The 2018 Ageing Report, published in May 2018, shows that fiscal costs linked to pensions, health care and long-term care are expected to rise over the coming decades, as Europe’s population continues to age significantly.
The Ageing Report is published every three years by the Ageing Working Group of the Economic Policy Committee (EPC) and the European Commission’s Directorate-General for Economic and Financial Affairs (DG ECFIN) based on a mandate by the Council. The report complements the analysis of the 2018 Pension Adequacy Report by the Social Protection Committee, which assesses how past key reform measures aimed at securing adequate and financially sustainable pensions, and identifies further reform needs.
The Ageing Report feeds into a variety of policy debates and processes at EU level, including the overarching Europe 2020 strategy for smart, sustainable and inclusive growth. In particular, they are used in the context of the European Semester to identify policy challenges, among others in setting the medium-term budgetary objectives (MTOs), in the annual assessment of the sustainability of public finances carried out as part of the Stability and Growth Pact, and in the analysis on the impact of ageing populations on the labour market and potential economic growth.
Europe’s population is getting older
The total population in the EU is projected to increase from 511 million in 2016 to 520 million in 2070. However, the working-age population (people aged between 15 and 64) will decrease significantly from 333 million in 2016 to 292 million in 2070. These projected changes in the population structure reflect assumptions on fertility rates, life expectancy and migration flows.
The old-age dependency ratio (people aged 65 and above relative to those aged 15 to 64) in the EU is projected to increase by 21.6 percentage points, from 29.6% in 2016 to 51.2% in 2070. This implies that the EU would go from having 3.3 working-age people for every person aged over 65 years to only two working-age persons.
The ageing of Europe’s population will also have significant implications for its labour force. While the total supply of labour in the EU among those aged 20 to 64 is expected to fall by 9.6% between 2016 and 2070 (9.7% in the euro area), labour force participation rates are projected to rise from 77.5% in 2016 to 80.7% in 2070. This increase is particularly apparent among women and older workers.

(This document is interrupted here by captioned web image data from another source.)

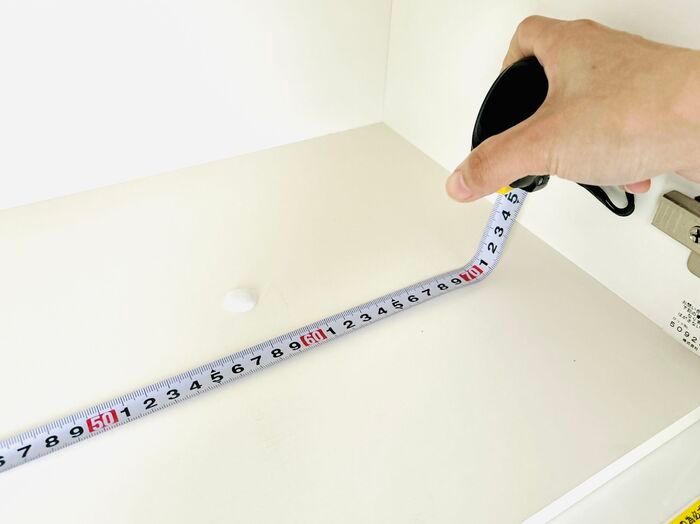 棚の内寸がピタッと測れる！身近な文房具でできるメジャー計測の裏ワザが天才的♡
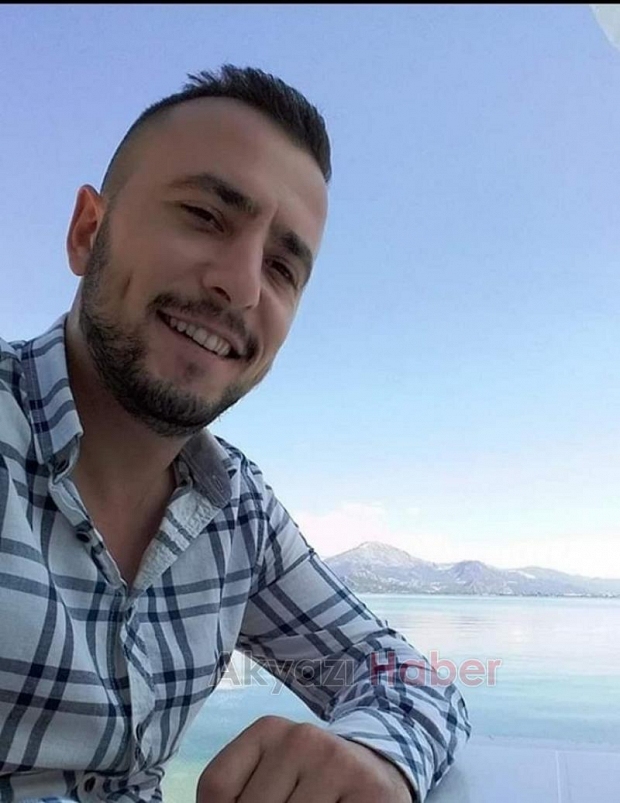 Akyazı'da kazada ölen genç defnedildi
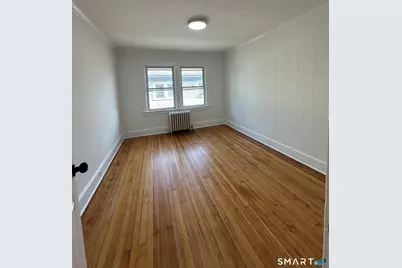 20 Parker Avenue, Stamford, CT 06906 - Photo 10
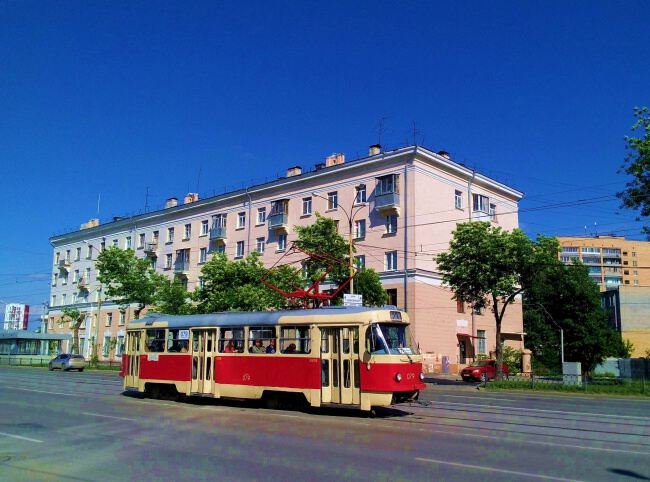 С трамваем по городу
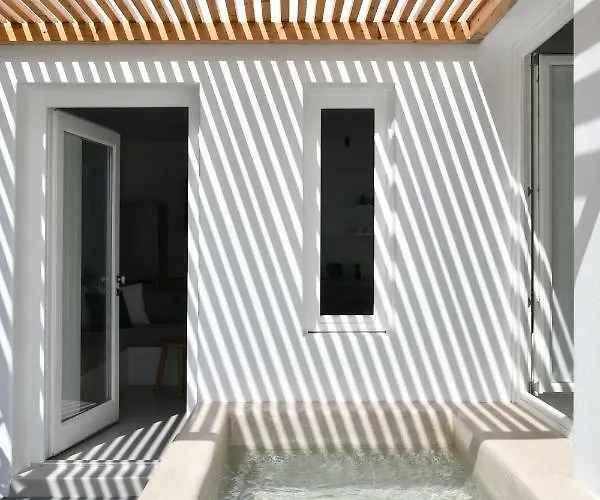 Villa Thiro Santorini *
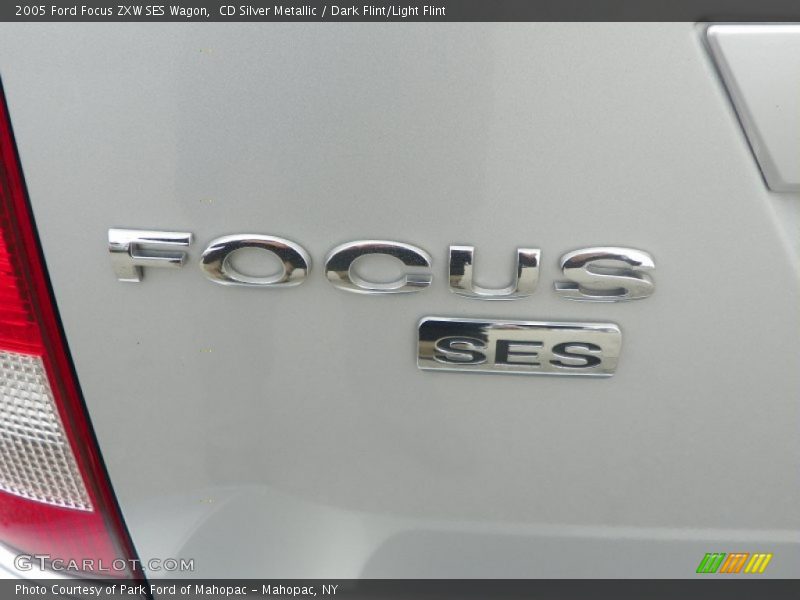  2005 Focus ZXW SES Wagon Logo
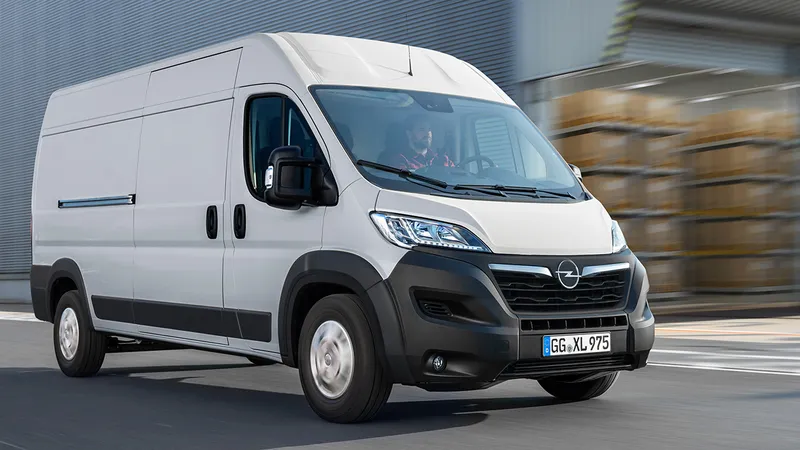 El nuevo Opel Movano 2022 y su versión 100 eléctrica ya tienen precio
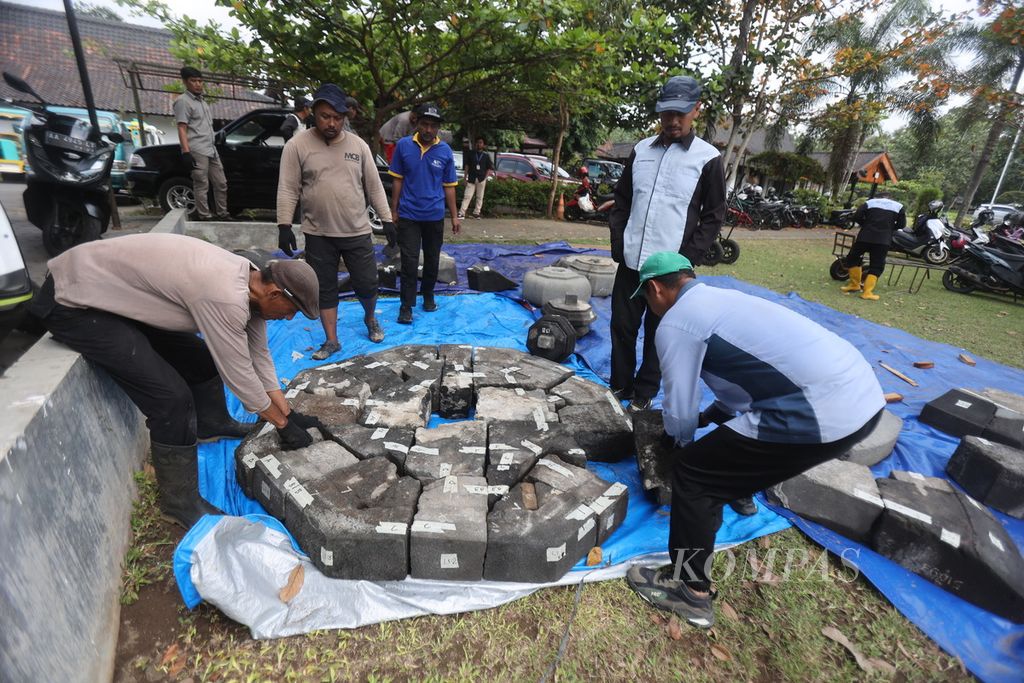 Petugas memindahkan batu penyusun catra dari halaman kantor Unit Warisan Dunia Borobudur Museum dan Cagar Budaya ke tempat penyimpanan di kompleks Candi Borobudur, Magelang, Jawa Tengah, Kamis (12/9/2024).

Read also : The ageing population : Numbers and Statistics
Population ageing to put pressure on public spending
The fiscal impact of ageing is projected to be a significant challenge in almost all Member States, with effects already becoming apparent over the course of the next two decades.
Overall in the EU, the total cost of ageing (public spending on pensions, health care, long-term care, education and unemployment benefits), is expected to increase by 1.7 percentage points to 26.7% of GDP between 2016 and 2070.
The evolution of ageing-related costs, however, will vary widely among Member States, with costs falling in eight Member States (Greece, Croatia, France, Latvia, Estonia, Italy, Lithuania and Spain); increasing by up to 3 percentage points of GDP in ten Member States (Portugal, Denmark, Cyprus, Poland, Sweden, Romania, Bulgaria, Finland, Hungary and Slovakia); and rising by more than 3 percentage points in the remaining ten Member States (Netherlands, Austria, Ireland, Germany, United Kingdom, Belgium, Czech Republic, Slovakia, Malta and Luxembourg).
Long-term care and health care costs are expected to contribute the most to the rise in age-related spending, increasing by 2.1 percentage points. Public spending on pensions is expected to rise up until 2040 before returning close to current levels by 2070. Education expenditure is projected to remain unchanged by 2070. Unemployment benefit expenditure is projected to decline by 0.2 percentage points.
Pension reforms have made it possible to stabilise public pension spending as a share of GDP over the long term, through increases in the retirement age and changes to the parameters of pension systems, including pension indexation. As a result, the public pension benefit ratio, which describes the average public pension in relation to the average wage, is projected to fall by 10.6 percentage points on average in the EU. In Member States with supplementary private pension schemes, the total value of pensions relative to average wages is projected to be 10.5 percentage points higher than in Member States without. Moreover, retirement ages will be higher in the future in general.